What the task asks:
Would you retype exactly the lines below, starting with the one that has "Medical care: A" and going on through the one that has "For burglary, you", with no pictures and nothing else?
'''
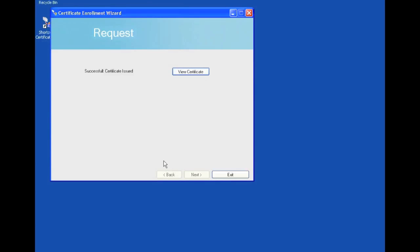And that is basically our demo. We have just created two certificates. One for a machine and one for a user. All from a machine that was not part of the domain. Thank you for watching.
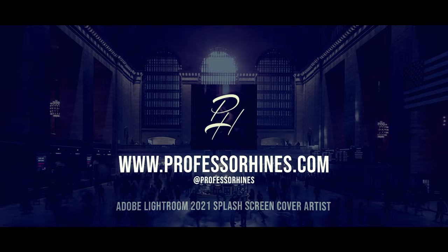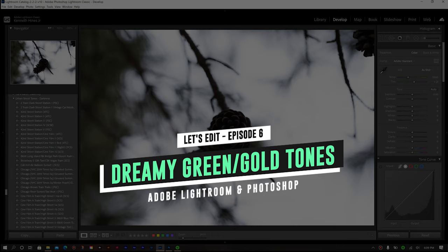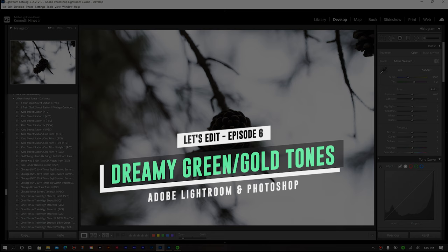Here in today's Let's Edit tutorial, I thought I would show you how I went about creating this gold and green color tone for this pine cone image.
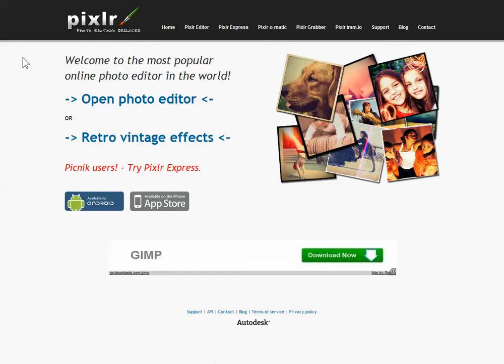Today we're going to be using a photo editor called Pixlr. Pixlr is a free program that's available in a cloud computing solution format, which means that it doesn't require you to install anything on your computer. All you need is an internet connection and a web browser to be able to do some fantastic things with photos. It's set out very similarly to Photoshop, but the big advantage is that it's free and it has that cloud computing aspect where you can just access it from anywhere.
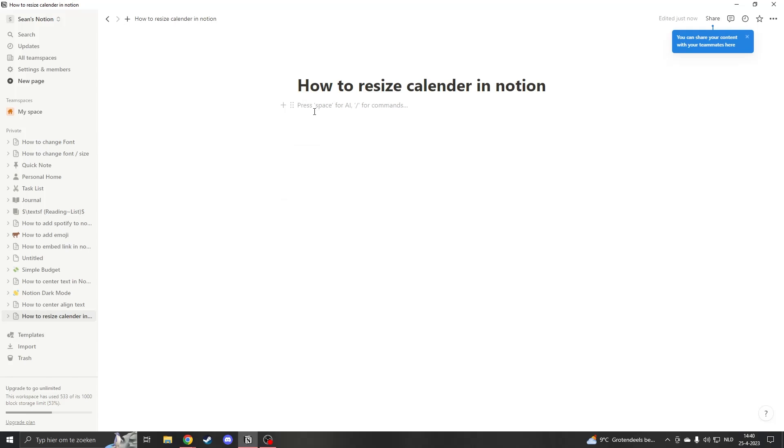Hello and welcome, my name is Sean and this is going to be a quick tutorial on how to resize a calendar in Notion.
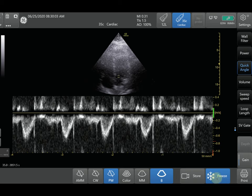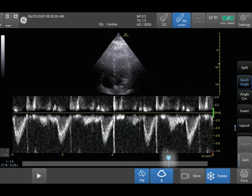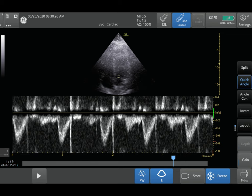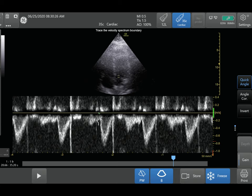Once you've optimized your gain, scale, and sweep speed, push freeze. You can then scroll to whatever tracing you want — the machine records quite a lot, up to around 35 seconds, so you can scroll back to capture a specific frame. Focus on one tracing you want, click the measure button, select LVOT tracing, go to the bottom of your LVOT tracing, and trace out that measurement.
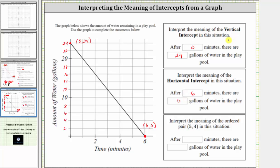And now for the last part, we're asked to interpret the meaning of the ordered pair (5, 4). Let's first find the point (5, 4) on the graph. From the origin, we move right five units and then up four units. This is the point on the graph given by the ordered pair (5, 4), where the five indicates the time in minutes, and the four indicates the amount of water in the play pool in gallons.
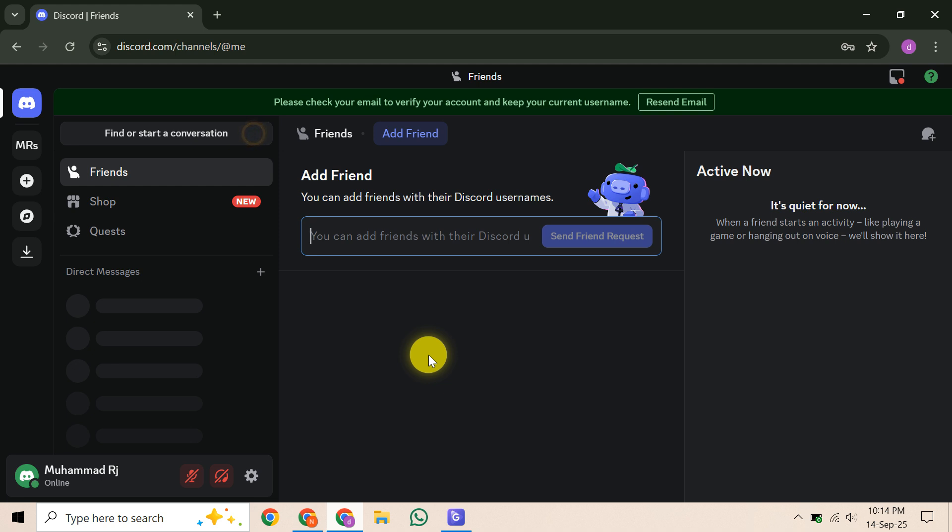First, let's be crystal clear about Discord's official position. According to their help articles, to update your email, you absolutely must have access to the inbox of your current or old email address. The Discord support team explicitly states they cannot change your email for you. You have to follow the workflow in your settings yourself.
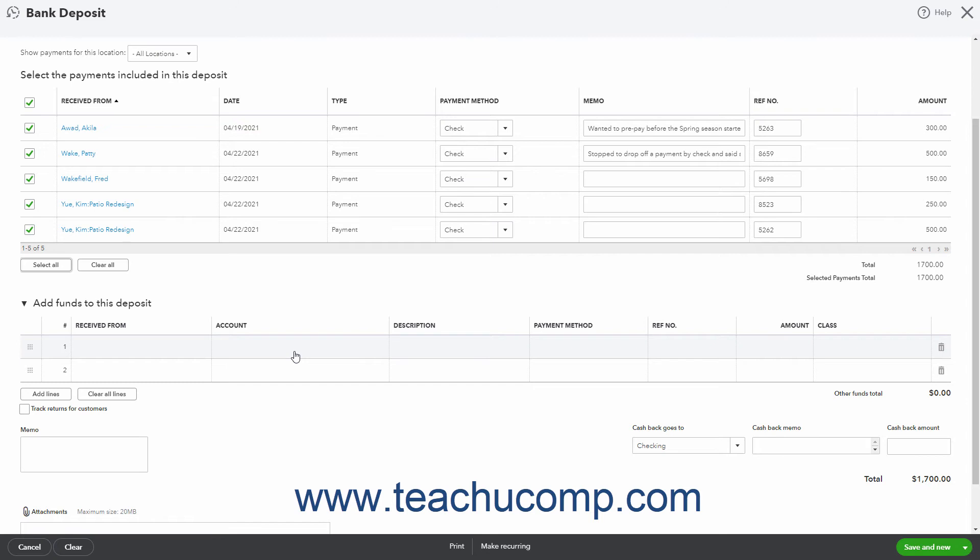Then enter a description for the amount into the Description column, and select the type of payment from the Payment Method dropdown. If needed, enter a reference number for the amount into the Reference Number column, and then enter the amount to deposit for the line item into the Amount field.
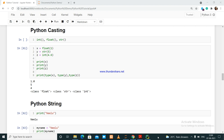First, let's come to Python casting. Why do we need Python casting? There may be times when you want to specify a type onto a variable. This can be done with casting because Python is an object-oriented language that uses classes to define data types. Casting in Python can be done using the int constructor, float constructor, and str constructor.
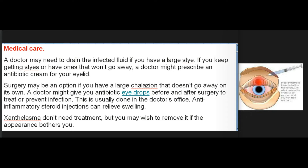Medical care: A doctor may need to drain the infected fluid if you have a large stye. If you keep getting styes or have ones that won't go away, a doctor might prescribe an antibiotic cream. Surgery may be an option if you have a large chalazion that doesn't go away on its own; a doctor might give you antibiotic eye drops before and after surgery to treat or prevent infection, usually done in the doctor's office. Anti-inflammatory steroid injections can relieve swelling.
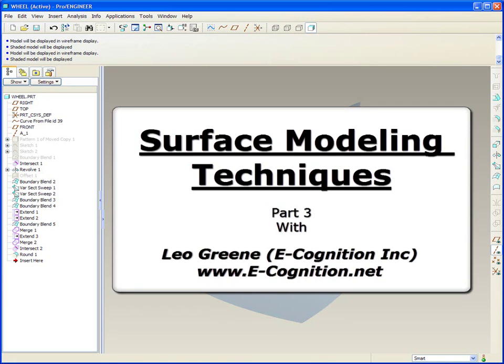Welcome to PTC Express Video Tip of the Month. My name is Leo Green. Today we're going to continue with surface modeling techniques, part three.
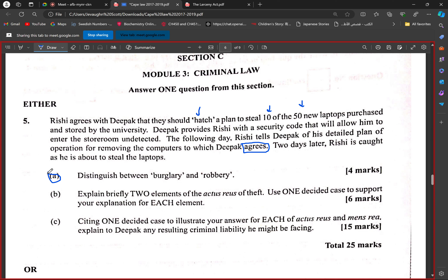For burglary, you need to tweak that definition, because what you described — the unlawful entering or leaving — is actually trespass. Trespass is a component of burglary, but it isn't the entirety of it. Remember the entering the building part, and with the intent to steal something part. Don't leave that out. Burglary is really entering a building with that intent.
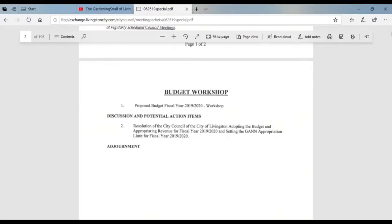The special meeting is a budget workshop for the proposed fiscal year budget, and then a resolution adopting the budget. So this is going to be your last chance if you have anything you might want to say or questions you might want to ask about how the city plans on spending its money for the next fiscal year — this will be your opportunity to do it.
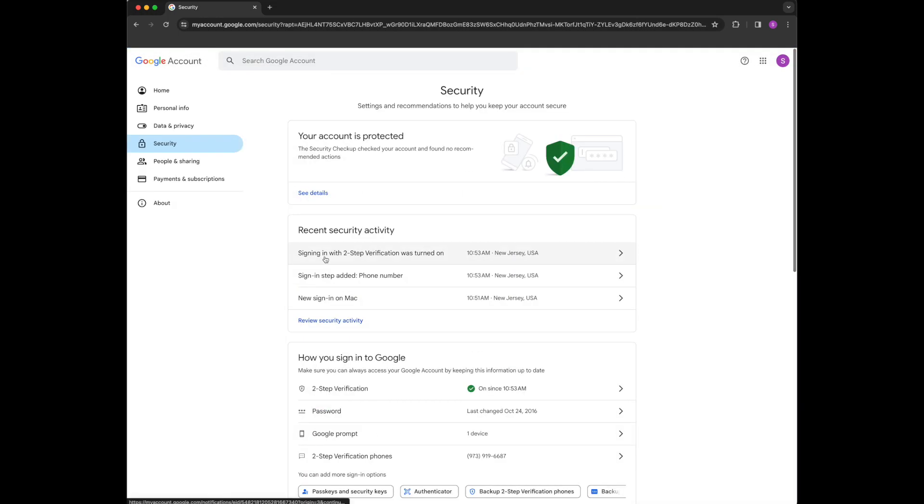And now anytime I log into a new browser with this account, I've got to use that second factor. I'll get a text message just like I got the first time.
'''
Task output:
Medical care: A doctor may need to drain the infected fluid if you have a large stye. If you keep getting styes or have ones that won't go away, a doctor might prescribe an antibiotic cream. Surgery may be an option if you have a large chalazion that doesn't go away on its own; a doctor might give you antibiotic eye drops before and after surgery to treat or prevent infection, usually done in the doctor's office. Anti-inflammatory steroid injections can relieve swelling.
Welcome to PTC Express Video Tip of the Month. My name is Leo Green. Today we're going to continue with surface modeling techniques, part three.
For burglary, you need to tweak that definition, because what you described — the unlawful entering or leaving — is actually trespass. Trespass is a component of burglary, but it isn't the entirety of it. Remember the entering the building part, and with the intent to steal something part. Don't leave that out. Burglary is really entering a building with that intent.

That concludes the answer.